Did you have problems connecting to the Verizon NFL Mobile app Sunday? If so, it’s not your phone — it’s Verizon, which once again proved that it wasn’t ready for the opening day of the NFL season.
As a Verizon customer and a longtime NFL Mobile customer as well, I’ve experienced much frustration over the past couple years due to glitches with the app and programming for it. When it works I am amazed at the ability to watch live football on my phone. But how can two companies, the NFL and Verizon, which make billions in profits each year, have such consistent failures? Does anyone there care if the app actually works or not?
On Sunday I downloaded the new version of the NFL Mobile app, then tried to connect to watch RedZone for the afternoon game endings. I got an authentication failure, which surprised me since I had done everything possible beforehand (turned on all location services, turned off Wi-Fi) to make sure Verizon knew where my phone was.

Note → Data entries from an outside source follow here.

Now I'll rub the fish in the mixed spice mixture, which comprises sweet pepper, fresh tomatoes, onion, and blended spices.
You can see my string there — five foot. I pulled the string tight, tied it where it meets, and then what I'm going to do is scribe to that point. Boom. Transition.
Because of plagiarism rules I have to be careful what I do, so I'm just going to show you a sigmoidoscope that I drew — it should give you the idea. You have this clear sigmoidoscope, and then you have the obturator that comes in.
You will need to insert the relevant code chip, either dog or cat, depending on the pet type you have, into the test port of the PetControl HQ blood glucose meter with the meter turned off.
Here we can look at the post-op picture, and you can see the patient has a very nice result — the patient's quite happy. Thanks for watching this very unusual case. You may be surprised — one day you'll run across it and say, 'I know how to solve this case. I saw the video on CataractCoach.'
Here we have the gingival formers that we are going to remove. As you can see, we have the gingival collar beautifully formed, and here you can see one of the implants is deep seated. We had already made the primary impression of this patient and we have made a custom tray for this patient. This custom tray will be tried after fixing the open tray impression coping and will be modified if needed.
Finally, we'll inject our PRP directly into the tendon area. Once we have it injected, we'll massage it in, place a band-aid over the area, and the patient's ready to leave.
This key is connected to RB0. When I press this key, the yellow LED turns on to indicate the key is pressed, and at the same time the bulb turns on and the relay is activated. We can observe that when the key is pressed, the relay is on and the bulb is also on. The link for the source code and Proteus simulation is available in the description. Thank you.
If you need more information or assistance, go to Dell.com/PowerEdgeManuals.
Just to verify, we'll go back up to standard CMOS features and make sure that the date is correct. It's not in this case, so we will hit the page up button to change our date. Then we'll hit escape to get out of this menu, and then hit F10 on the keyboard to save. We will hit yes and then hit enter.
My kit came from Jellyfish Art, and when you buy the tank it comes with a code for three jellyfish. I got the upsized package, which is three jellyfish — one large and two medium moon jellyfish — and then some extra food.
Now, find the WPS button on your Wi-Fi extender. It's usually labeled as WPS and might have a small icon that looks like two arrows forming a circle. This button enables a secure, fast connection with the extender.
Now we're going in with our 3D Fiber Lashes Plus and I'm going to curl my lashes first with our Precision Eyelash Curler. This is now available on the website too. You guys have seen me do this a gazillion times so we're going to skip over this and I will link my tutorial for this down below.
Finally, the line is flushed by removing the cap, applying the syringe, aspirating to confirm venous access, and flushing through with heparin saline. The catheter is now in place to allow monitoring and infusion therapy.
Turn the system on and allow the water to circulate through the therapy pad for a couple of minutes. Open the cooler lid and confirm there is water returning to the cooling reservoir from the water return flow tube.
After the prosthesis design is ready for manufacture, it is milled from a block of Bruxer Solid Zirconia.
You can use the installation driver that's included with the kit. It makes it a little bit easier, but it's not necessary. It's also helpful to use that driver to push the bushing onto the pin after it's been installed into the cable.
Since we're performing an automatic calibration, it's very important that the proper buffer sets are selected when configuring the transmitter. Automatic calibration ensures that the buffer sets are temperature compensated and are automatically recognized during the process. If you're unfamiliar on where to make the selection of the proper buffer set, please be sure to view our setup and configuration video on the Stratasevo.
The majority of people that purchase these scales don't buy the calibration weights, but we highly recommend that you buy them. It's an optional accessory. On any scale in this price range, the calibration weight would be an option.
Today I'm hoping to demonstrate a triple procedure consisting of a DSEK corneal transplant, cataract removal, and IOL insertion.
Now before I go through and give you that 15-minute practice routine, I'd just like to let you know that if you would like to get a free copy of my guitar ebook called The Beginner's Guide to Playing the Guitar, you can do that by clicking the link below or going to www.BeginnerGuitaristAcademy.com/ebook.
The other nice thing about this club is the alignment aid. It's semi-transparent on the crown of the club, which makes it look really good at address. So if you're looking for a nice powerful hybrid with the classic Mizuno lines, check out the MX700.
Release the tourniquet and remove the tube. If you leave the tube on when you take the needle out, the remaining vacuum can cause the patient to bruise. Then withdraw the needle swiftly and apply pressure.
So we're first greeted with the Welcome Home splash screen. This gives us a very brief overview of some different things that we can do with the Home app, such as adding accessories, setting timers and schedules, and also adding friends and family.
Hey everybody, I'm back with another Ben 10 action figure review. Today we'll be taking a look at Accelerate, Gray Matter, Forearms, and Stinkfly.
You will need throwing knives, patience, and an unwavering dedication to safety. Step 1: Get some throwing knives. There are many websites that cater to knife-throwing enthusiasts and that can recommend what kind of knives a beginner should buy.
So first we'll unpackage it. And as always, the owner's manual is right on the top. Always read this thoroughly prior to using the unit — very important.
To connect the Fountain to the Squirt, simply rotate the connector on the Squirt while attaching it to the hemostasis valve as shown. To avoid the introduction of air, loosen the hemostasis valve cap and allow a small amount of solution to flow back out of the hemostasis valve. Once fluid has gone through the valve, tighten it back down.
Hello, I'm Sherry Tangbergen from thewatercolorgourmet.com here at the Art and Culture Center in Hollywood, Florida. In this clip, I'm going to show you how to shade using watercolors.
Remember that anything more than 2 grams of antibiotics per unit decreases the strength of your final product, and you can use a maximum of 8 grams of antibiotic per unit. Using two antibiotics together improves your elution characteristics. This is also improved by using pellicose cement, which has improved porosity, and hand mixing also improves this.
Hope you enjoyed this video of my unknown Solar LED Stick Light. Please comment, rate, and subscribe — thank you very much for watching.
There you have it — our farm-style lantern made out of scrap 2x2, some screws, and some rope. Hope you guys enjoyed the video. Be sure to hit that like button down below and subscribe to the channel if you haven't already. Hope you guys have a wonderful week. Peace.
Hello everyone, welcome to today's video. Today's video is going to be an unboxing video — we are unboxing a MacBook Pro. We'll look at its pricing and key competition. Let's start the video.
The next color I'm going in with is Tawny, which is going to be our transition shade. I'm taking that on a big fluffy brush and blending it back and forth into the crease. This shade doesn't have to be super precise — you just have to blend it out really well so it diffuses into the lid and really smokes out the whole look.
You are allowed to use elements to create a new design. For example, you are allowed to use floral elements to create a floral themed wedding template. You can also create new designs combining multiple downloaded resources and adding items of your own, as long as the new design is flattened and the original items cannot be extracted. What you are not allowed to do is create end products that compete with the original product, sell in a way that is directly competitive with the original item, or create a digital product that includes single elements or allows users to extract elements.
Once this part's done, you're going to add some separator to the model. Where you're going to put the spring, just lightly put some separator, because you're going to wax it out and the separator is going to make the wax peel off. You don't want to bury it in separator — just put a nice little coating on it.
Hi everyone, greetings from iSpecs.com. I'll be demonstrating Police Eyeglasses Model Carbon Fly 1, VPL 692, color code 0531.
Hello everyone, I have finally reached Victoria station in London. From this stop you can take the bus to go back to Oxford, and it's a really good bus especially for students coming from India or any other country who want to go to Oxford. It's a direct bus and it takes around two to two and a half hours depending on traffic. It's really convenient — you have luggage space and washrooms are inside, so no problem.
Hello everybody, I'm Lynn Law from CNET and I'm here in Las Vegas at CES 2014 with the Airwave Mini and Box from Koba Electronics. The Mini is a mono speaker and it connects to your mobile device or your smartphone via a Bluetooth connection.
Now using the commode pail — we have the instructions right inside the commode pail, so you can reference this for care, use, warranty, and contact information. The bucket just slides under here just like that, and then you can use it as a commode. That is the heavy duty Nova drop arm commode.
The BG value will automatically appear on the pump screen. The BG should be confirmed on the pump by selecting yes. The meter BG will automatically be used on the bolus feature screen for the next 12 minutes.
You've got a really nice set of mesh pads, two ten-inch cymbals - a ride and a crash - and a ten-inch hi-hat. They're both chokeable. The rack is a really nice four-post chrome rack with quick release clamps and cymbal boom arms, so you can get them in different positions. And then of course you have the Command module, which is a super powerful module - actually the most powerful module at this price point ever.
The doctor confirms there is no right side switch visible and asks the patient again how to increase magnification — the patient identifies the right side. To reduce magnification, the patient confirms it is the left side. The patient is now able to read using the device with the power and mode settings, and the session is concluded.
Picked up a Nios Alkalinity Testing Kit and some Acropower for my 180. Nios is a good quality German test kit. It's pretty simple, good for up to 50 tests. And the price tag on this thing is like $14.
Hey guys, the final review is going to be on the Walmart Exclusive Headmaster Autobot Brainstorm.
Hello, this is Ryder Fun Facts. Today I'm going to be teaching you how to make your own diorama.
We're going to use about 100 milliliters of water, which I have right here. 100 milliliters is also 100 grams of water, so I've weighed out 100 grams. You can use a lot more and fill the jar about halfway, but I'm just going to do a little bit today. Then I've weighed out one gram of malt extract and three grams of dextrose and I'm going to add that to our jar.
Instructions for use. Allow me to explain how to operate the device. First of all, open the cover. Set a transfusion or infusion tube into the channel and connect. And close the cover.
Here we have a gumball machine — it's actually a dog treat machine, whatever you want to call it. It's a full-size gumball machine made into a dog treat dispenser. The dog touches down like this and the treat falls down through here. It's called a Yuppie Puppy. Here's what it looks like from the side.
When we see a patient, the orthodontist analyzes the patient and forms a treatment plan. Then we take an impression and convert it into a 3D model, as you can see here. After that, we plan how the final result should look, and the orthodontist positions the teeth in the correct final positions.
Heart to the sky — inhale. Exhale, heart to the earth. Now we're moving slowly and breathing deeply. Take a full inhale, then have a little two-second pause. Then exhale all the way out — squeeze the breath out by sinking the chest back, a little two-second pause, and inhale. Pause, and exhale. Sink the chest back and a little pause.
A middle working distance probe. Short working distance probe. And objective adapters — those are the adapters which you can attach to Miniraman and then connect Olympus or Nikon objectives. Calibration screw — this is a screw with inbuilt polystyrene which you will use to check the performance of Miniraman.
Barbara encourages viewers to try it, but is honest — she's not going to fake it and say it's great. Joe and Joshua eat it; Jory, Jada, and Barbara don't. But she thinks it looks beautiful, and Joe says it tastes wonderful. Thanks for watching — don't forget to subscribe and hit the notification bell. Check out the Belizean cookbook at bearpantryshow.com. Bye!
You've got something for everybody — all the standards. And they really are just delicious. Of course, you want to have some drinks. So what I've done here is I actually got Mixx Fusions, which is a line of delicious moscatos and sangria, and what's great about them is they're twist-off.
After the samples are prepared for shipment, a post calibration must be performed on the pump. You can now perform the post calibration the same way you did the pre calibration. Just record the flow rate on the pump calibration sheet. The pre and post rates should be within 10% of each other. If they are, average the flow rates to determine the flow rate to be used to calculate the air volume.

After going through a half-hour of support hell waiting (including, ironically, a Drew Brees commercial telling me how great NFL Mobile is) I finally got a technician to tell me that because “so many people” were using the NFL Mobile app, Verizon’s network basically went kablooey, and that massive amounts of NFL Mobile users weren’t able to connect. Imagine that! People wanted to watch the NFL today! That’s like not stocking Elmo toys the week before Thanksgiving, or any similarly stupid move. The Verizon rep also told me that “because of high call volume” Sunday there weren’t enough technical reps at work to handle the NFL Mobile outage.
I will give the Twitter reps at NFL Mobile customer support a small bit of respect for finding my tweets and trying to respond, but really — this just shouldn’t happen. Not when the NFL itself says that more people are going to its websites via mobile than via desktops. The biggest app for the biggest sport simply shouldn’t have network failures. And reps shouldn’t be whining that too many people are trying to use it as the reason why it failed. Unless we all get a month’s credit on our Verizon bills.
@paulkaps Sorry about the delays! We're experiencing some hiccups on one of the servers, and we're fixing it all up right now.
— NFL Mobile Support (@NFLMobileCS) September 8, 2013
Is “hiccups” on a server a new technical term? Is there a “hiccup reset” button?
@paulkaps We've worked the kinks out, and you should be able to authenticate your account within the hour! Thanks for your patience!
— NFL Mobile Support (@NFLMobileCS) September 8, 2013
As of 5 p.m. Pacific Time, it still wasn’t working for me. But the support folks found time for humor.
@paulkaps There's one more game to go tonight! Giants vs Cowboys starts in about 30 minutes 🙂
— NFL Mobile Support (@NFLMobileCS) September 8, 2013
So — Verizon can pay the NFL a billion bucks for NFL Mobile rights, but can’t keep enough engineers on staff on Sundays to make the thing work? That’s fail with a capital F. Which is the grade we give Verizon for its performance on what is probably the sports world’s most-used app. And they’re locked in for four more years. Now I know what a Cleveland Brown fan must feel like.
UPDATE: At 5:42 p.m. Pacific Time NFL Mobile finally authenticated my device. Just in time to watch Tony Romo be Tony Romo.